Sebelumnya, Center for Indonesian Policy Studies (CIPS) menilai pemerintah sebaiknya meningkatkan kapasitas produksi petani garam agar hasil produksi dapat digunakan untuk kebutuhan industri.

“Dengan adanya peningkatan kapasitas petani, diharapkan ke depannya hasil produksi garam lokal juga bisa dipakai untuk memenuhi kebutuhan industri sehingga pasar mereka semakin luas dan tidak hanya untuk garam konsumsi saja,” kata peneliti CIPS Assyifa Szami Ilman.

CIPS menyatakan selama ini kebutuhan garam industri hanya dipenuhi melalui impor. Impor garam ini tidak lepas dari belum mampunya para petani garam lokal untuk memenuhi kebutuhan industri.

Selain itu, harga garam lokal juga relatif lebih mahal daripada garam impor dan kualitasnya juga masih berada di bawah garam impor. Garam industri harus memenuhi ketentuan tertentu yang dibutuhkan.

Sejumlah kegiatan yang dapat meningkatkan kapasitas produksi petani garam antara lain mengenalkan teknologi bercocok tanam secara teori maupun praktek, pelibatan iptek dan membuka kesempatan kepada para petani untuk belajar langsung ke negara-negara produsen garam besar di dunia.

Selain itu, pemerintah juga bisa memaksimalkan peran penyuluh pertanian supaya mereka bisa memberikan pendampingan kepada para petani.

Berdasarkan data dari Kementerian Perindustrian, kebutuhan garam industri untuk 2018 berjumlah sekitar 3,7 juta ton.
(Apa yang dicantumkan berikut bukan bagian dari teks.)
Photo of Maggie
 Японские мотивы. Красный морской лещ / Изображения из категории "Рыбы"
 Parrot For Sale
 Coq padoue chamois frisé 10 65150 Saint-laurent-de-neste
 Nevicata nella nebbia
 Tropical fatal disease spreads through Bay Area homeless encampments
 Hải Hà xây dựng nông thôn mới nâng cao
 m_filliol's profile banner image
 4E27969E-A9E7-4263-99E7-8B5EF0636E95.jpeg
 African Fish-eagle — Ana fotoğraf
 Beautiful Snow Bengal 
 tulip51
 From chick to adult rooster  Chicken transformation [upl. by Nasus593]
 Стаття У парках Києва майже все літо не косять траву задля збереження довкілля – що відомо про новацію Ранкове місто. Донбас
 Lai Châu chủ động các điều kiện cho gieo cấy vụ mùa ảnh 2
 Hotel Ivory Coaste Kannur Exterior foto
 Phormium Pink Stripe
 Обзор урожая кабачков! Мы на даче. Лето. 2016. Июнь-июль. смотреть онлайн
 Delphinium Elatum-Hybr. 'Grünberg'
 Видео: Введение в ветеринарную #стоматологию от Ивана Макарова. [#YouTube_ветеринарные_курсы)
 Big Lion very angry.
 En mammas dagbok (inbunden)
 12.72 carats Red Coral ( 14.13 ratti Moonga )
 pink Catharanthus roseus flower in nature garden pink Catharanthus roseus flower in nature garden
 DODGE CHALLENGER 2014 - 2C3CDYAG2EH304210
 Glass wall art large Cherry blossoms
Industri yang membutuhkan jumlah garam terbesar adalah industri petrokimia yaitu sebesar 1.780.000 ton. Selanjutnya adalah industri pulp dan kertas yang membutuhkan pasokan garam industri sebesar 708.500 ton. Urutan ketiga adalah industri pangan yang membutuhkan pasokan garam industri adalah sebesar 535.000 ton.